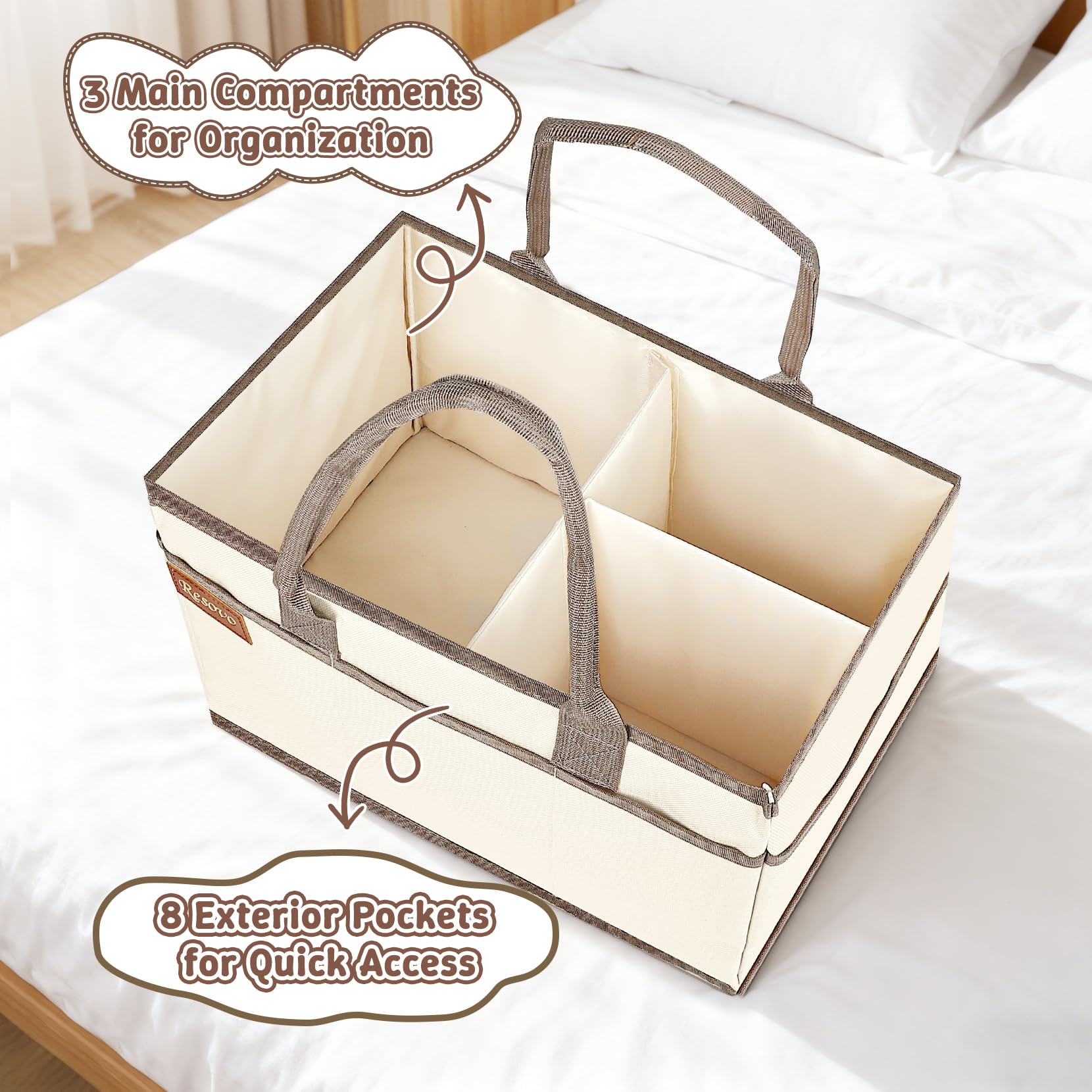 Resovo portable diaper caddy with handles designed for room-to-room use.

* * * * * * *

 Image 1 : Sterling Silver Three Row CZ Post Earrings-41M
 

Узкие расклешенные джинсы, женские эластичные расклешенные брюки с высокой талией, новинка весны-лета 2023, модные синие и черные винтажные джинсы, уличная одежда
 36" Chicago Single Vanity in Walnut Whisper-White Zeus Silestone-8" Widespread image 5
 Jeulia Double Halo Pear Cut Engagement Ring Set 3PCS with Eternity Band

* * * * * * *

**The task:** What do the lines above say from the one containing "Image 1 : Sterling" down to the one containing "Widespread image 5"? Return them exactly, both end lines included, and only them.

**Reply:**
 Image 1 : Sterling Silver Three Row CZ Post Earrings-41M
 

Узкие расклешенные джинсы, женские эластичные расклешенные брюки с высокой талией, новинка весны-лета 2023, модные синие и черные винтажные джинсы, уличная одежда
 36" Chicago Single Vanity in Walnut Whisper-White Zeus Silestone-8" Widespread image 5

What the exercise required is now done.